## Task directions
Retype the material that follows exactly, limited to the lines from the one with "6058 Lorraine Bracco" through the one with "Planinsko Blago דירה קופאוניק", and keep out all pictures.

BEGIN The data

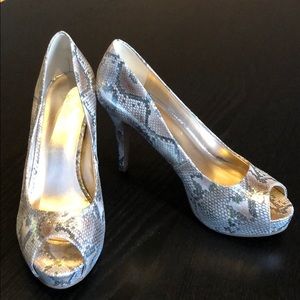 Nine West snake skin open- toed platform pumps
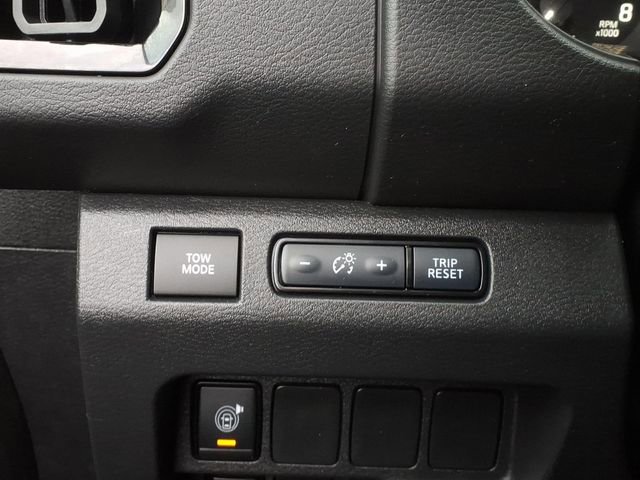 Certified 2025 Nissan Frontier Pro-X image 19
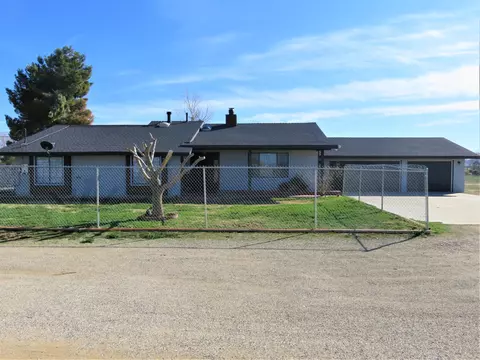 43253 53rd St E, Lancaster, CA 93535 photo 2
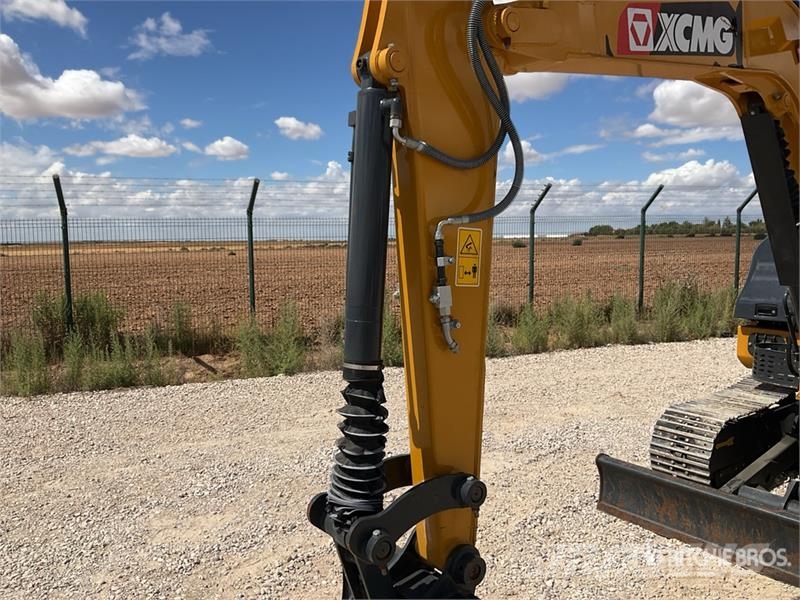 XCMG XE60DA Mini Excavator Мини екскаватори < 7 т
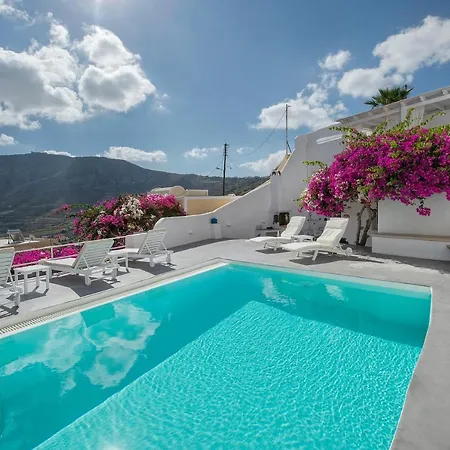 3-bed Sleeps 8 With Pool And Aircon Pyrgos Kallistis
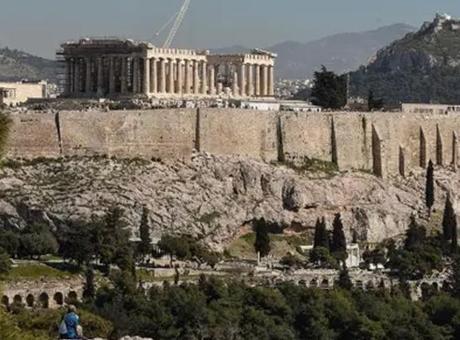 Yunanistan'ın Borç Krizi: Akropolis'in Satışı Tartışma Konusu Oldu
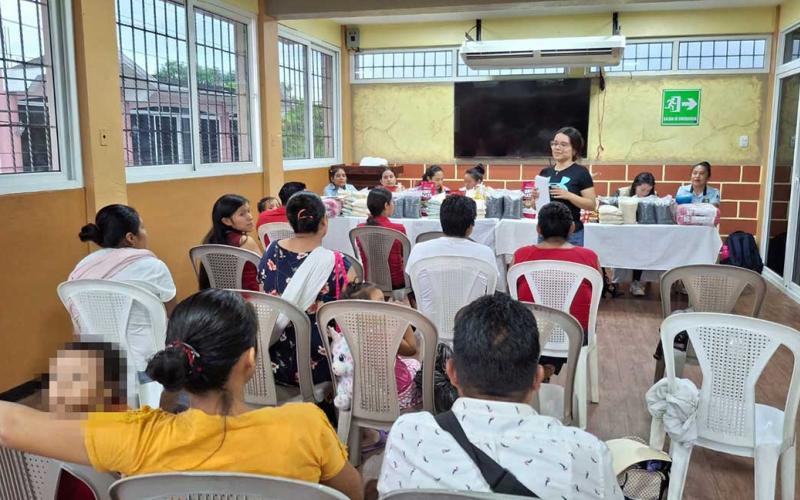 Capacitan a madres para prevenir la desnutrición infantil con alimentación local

END The data
BEGIN The data

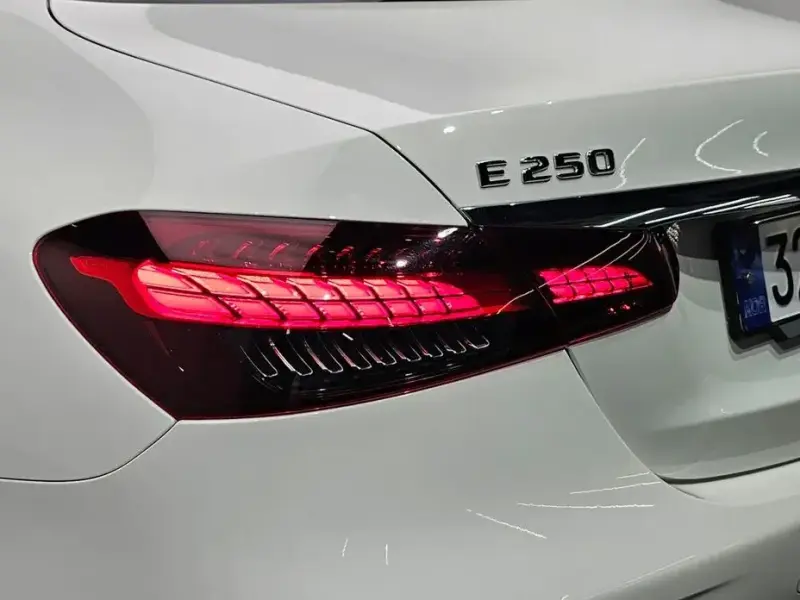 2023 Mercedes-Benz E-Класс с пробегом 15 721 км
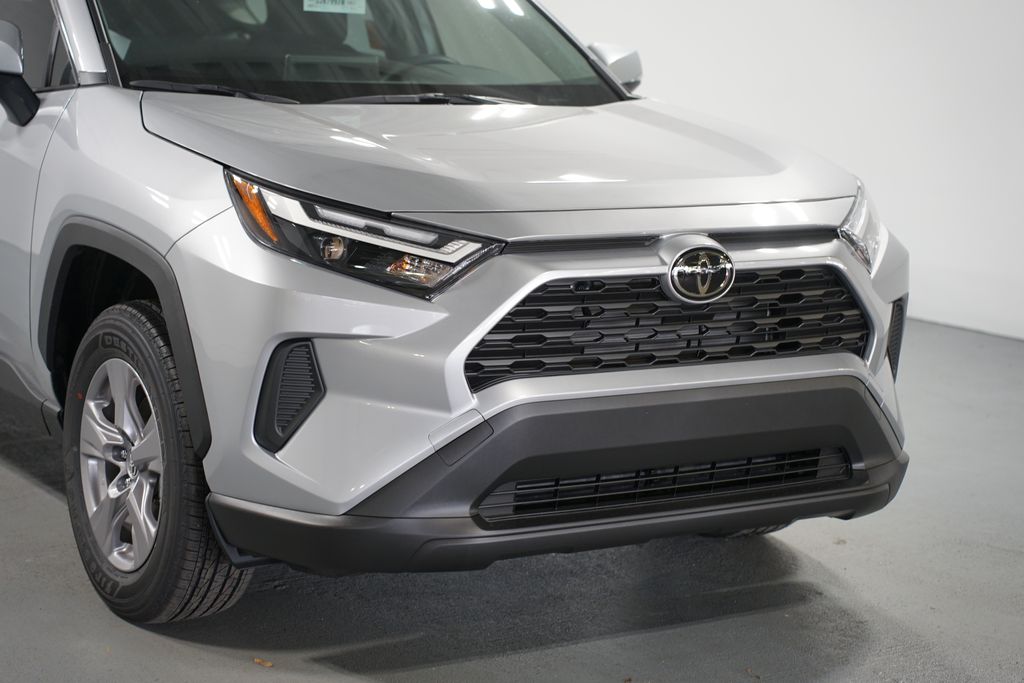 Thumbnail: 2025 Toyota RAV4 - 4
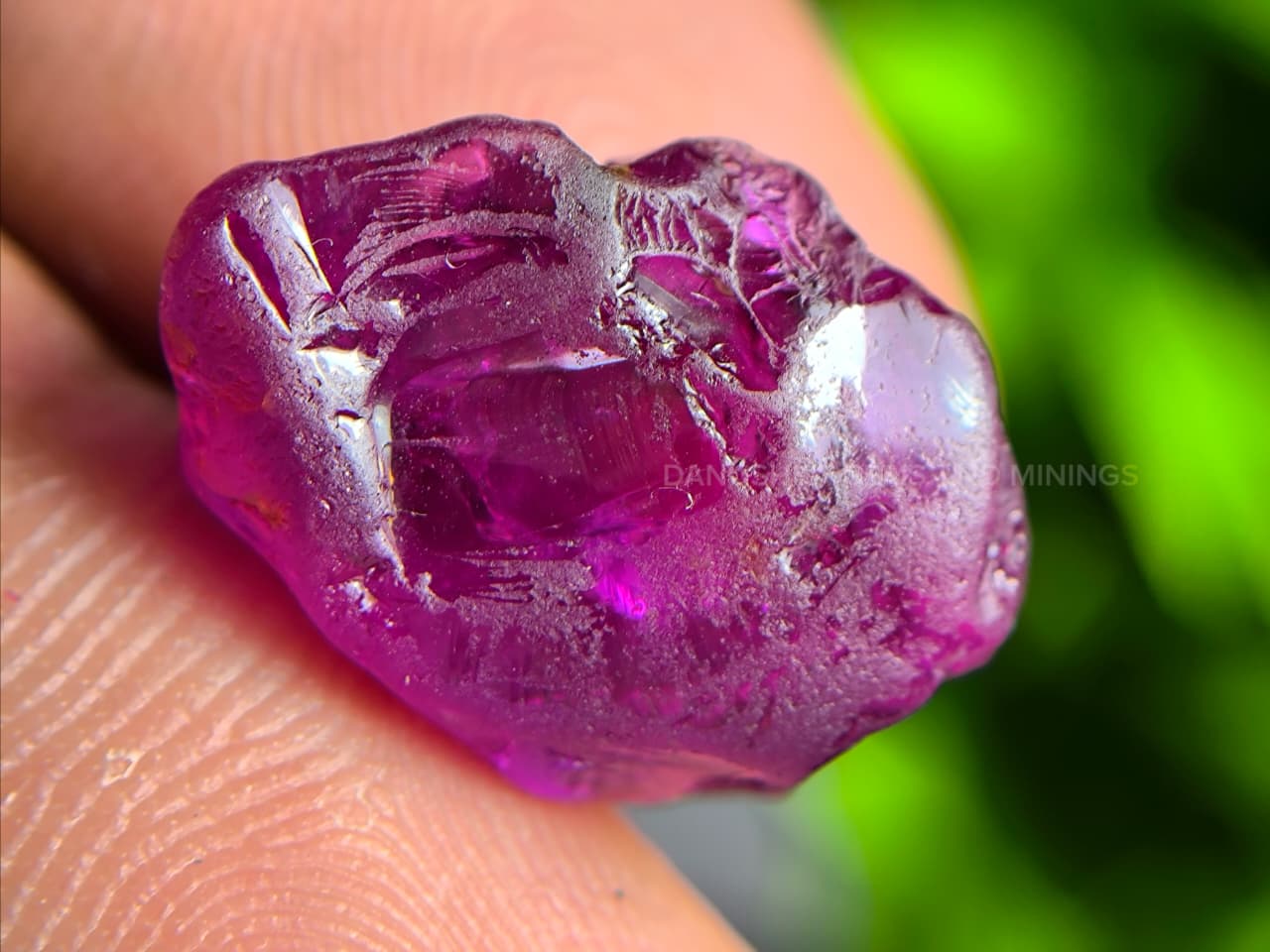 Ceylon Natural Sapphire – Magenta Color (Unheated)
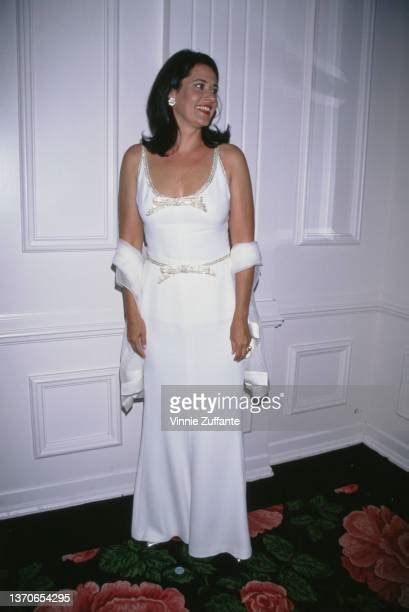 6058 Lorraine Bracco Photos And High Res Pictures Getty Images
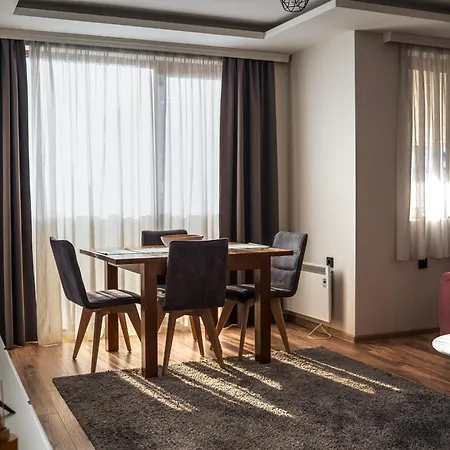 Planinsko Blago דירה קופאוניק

END The data

## Written answer
 6058 Lorraine Bracco Photos And High Res Pictures Getty Images
 Planinsko Blago דירה קופאוניק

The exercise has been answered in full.